Now two decades later, at 42 years old, he works DJ sets all over Grand Rapids.
But if all the world’s a stage, being a DJ is not his final act.
“There can be pressure there to perform to, to deliver for other people that are depending on you," he said.
By night, he's flipping beats. By day, he's flipping burgers — as Mr. Burger the second.
“I entered the equation in 1981 when I was born, and that's actually when the second Mr. Burger was open. And now we have seven," he said.
Andrew’s parents immigrated from Greece after World War II. His mom was on a student visa and his dad borrowed money for the boat ride. The two fell in love and opened the beloved burger chain.
“Given their work ethic, I don't see how it could fail," said Andrew.
In their 80s now, it was time for them to pass the patties, even though Andrew believes they'll never fully retire. Now, him and his brother, Jimmy, are running the show.
“That's pretty big role to fill," he said.

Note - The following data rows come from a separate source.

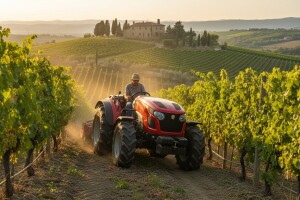 Traktor Ferrari Vega SDT V85/V95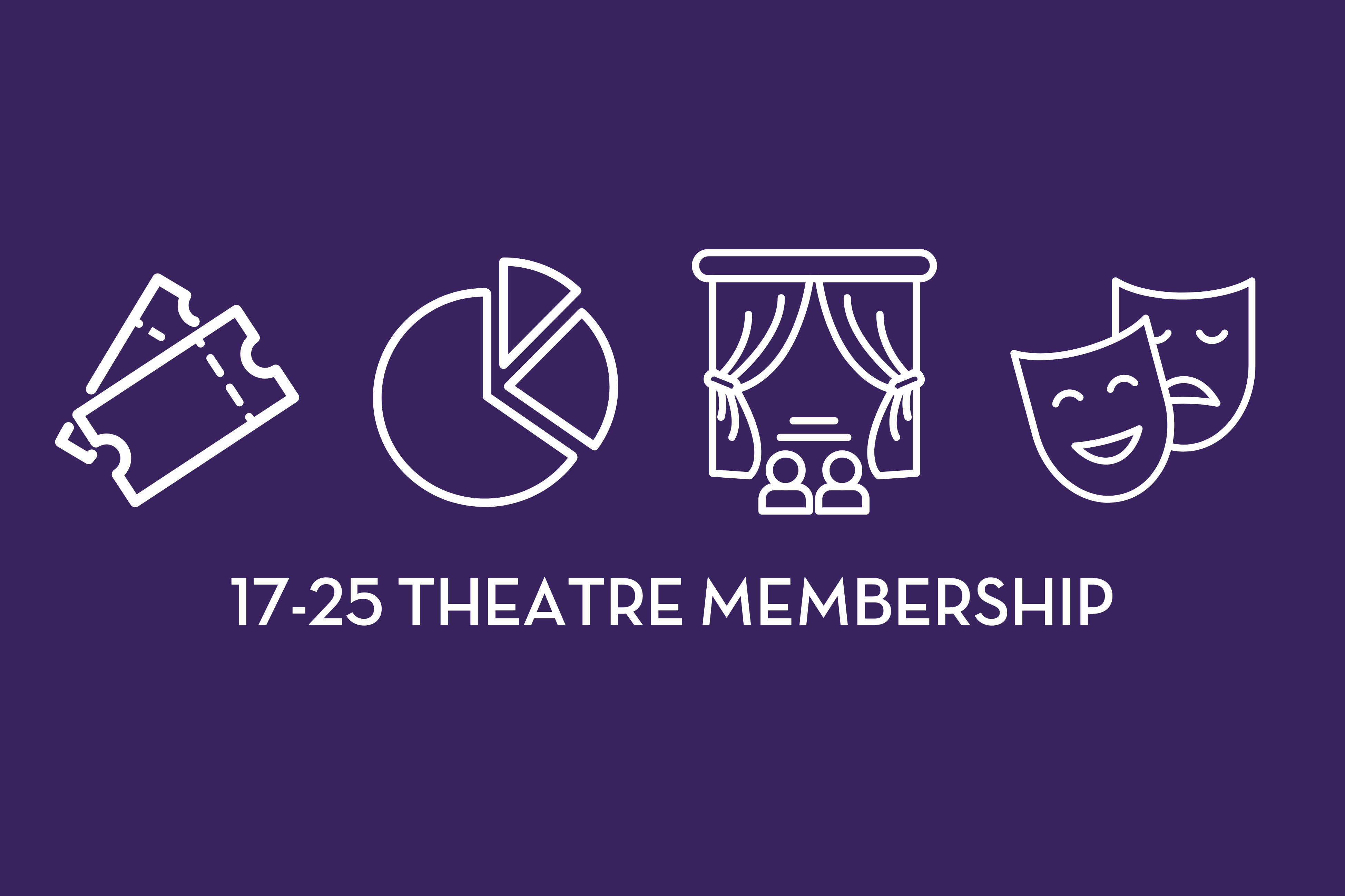 17-25 Theatre Membership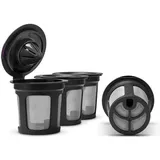wiederverwendbare Kaffeefilter – nachfüllbare Kaffeekapseln mit integriertem Filter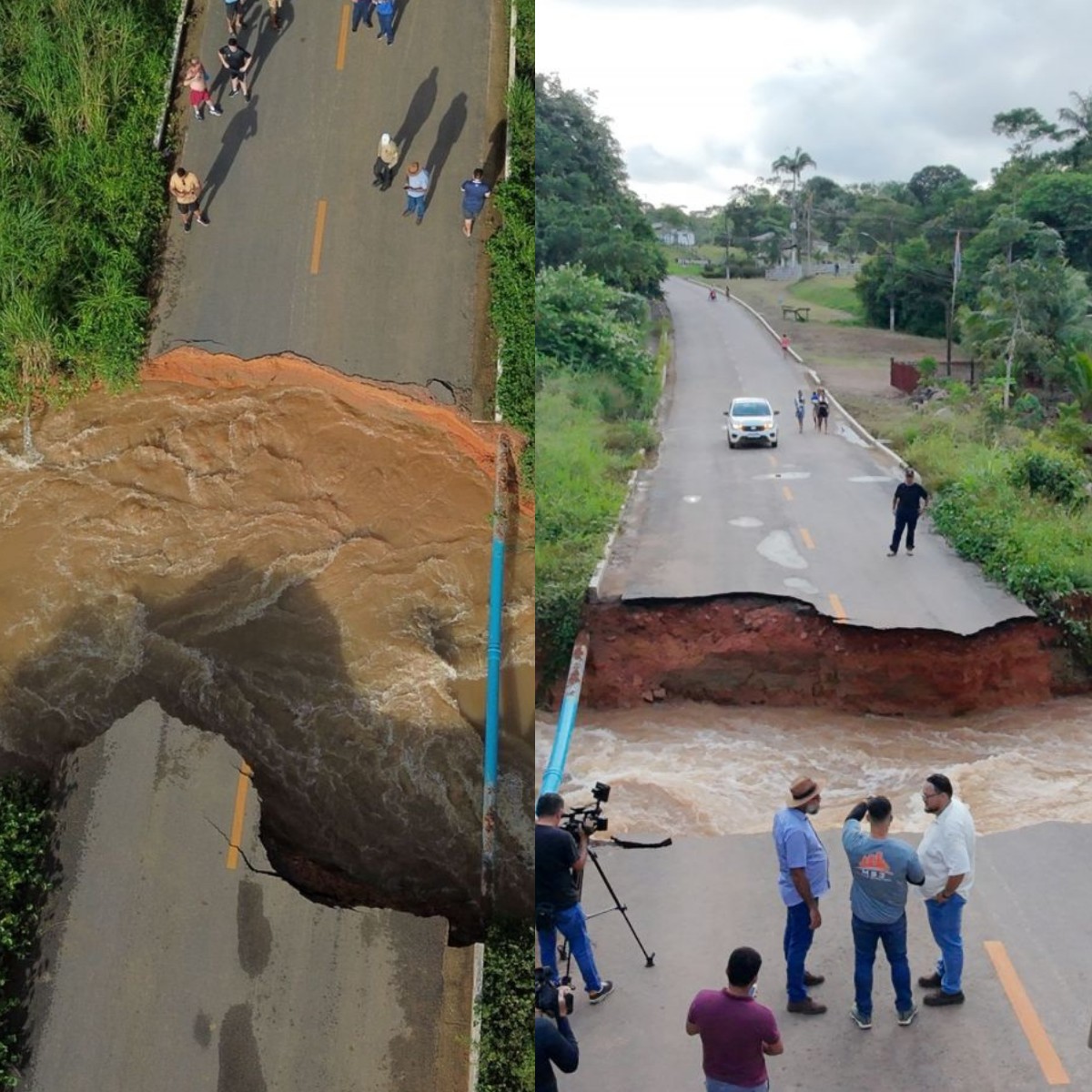 Chuvas Intensas em Porto Velho Causam Interdições e Alagamentos Severos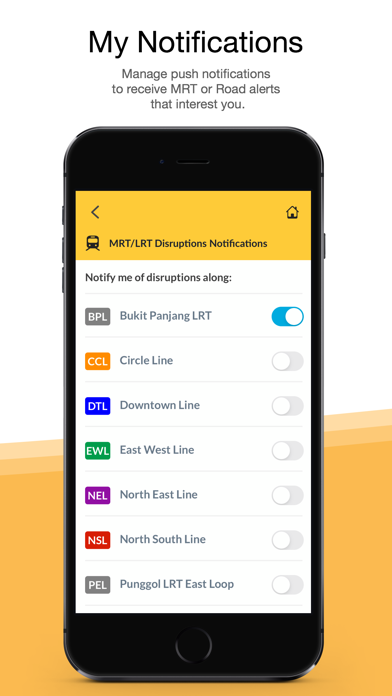 MyTransport.SG Screenshot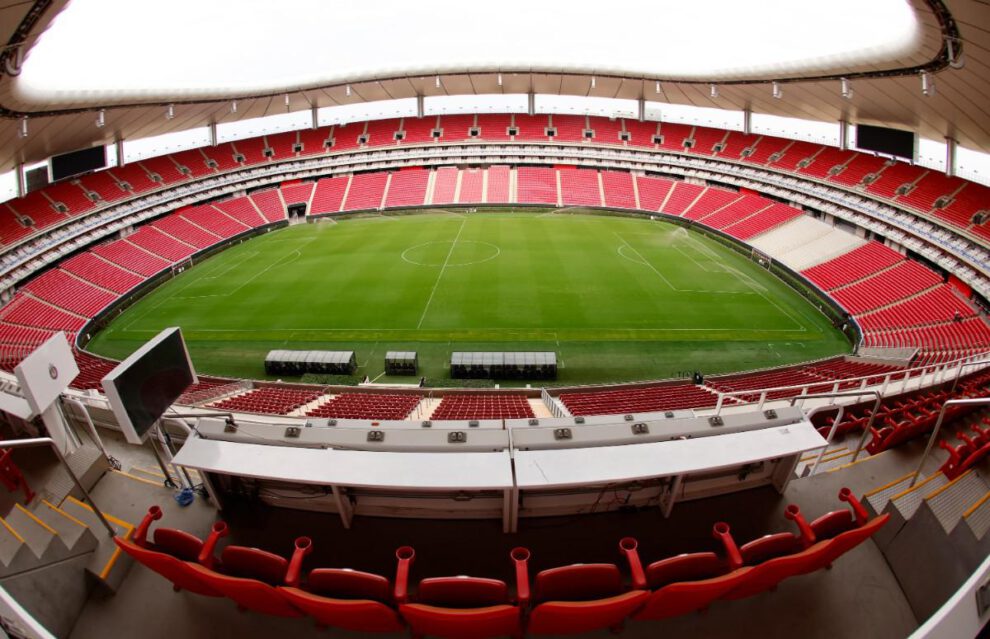 Mundial 2026, Estadio Akron de Guadalajara, Listo para los partidos de los grupos A y K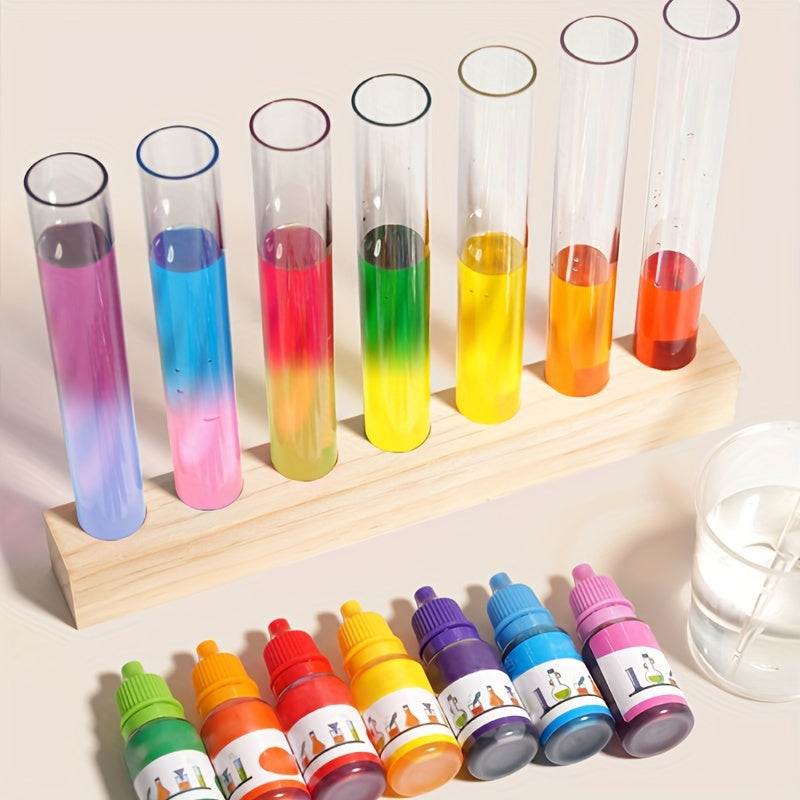 Colorful Science Kit Educational Sensory Learning Toy Fun Gift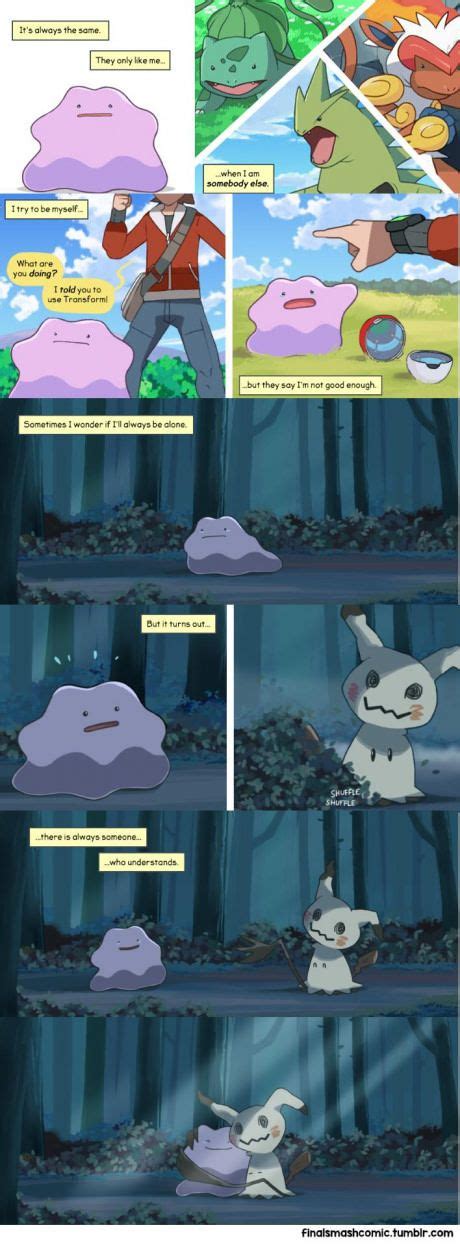 Ditto Finally Found A Friend Anime And Manga Pokemon Funny Pokemon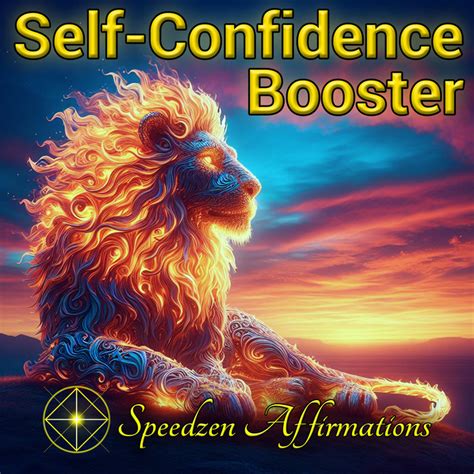 Self Confidence Booster Affirmations Speedzen Subliminals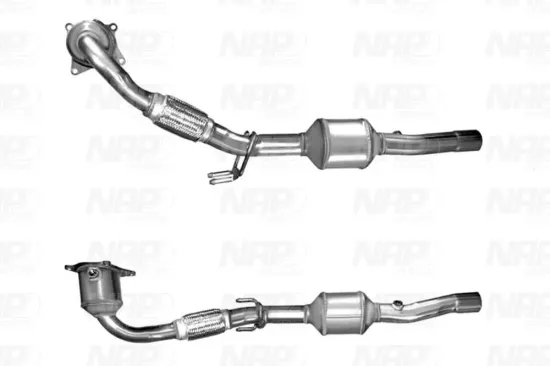 Katalysator NAP carPARTS CAK11243 Bild Katalysator NAP carPARTS CAK11243
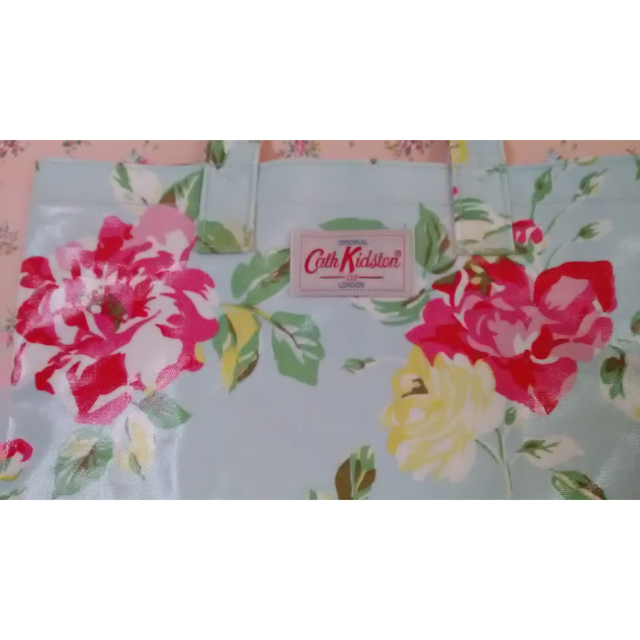 Cath Kidston(キャスキッドソン)のキャス キッドソン  エコバッグ トートバッグ レディースのバッグ(エコバッグ)の商品写真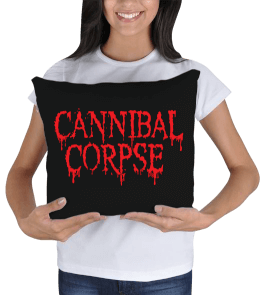 Cannibal Corpse Kare Yastık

It's a big role that he never auditioned for.
“When I was younger, it was just kind of like, 'oh, yeah, whatever.' Now, as I get older, it's like, I'm really appreciative that others have been so supportive and appreciative of that restaurant over the years.”
To know so many people care about his livelihood, can be an added burden.
“It can be pressure," he said. "It can also be reaffirming that you're doing something worthwhile and people are responding that they're appreciative."
Andrew was always meant to step up to the grill. His childhood was spent in a Mr. Burger dining room.
"Since I was always here, I'd become friends with like customers kids," he said. “I think the Lake Michigan Drive store or still has a couple of tennis rackets and baseball bats with some tennis balls back from when I was younger.”
“It was like a second home."
The restaurants look nearly the same as all those years ago.
“When people come to Mr. Burger, they're not worried about dressing up, they're not worried about breaking the bank, they're not worried about their kids crying or spilling something. It's like a family restaurant. That's a cool space to occupy.”
Despite the years and rising costs, their menu is nearly identical, too.
“We cut our own tomatoes in the back, we cut our own onions, we do a lot of basics that I think others may have taken shortcuts on," said Andrew.
The burger prince is soon to take the throne as Burger King.
“It’s just engrained in who I am," he smiled.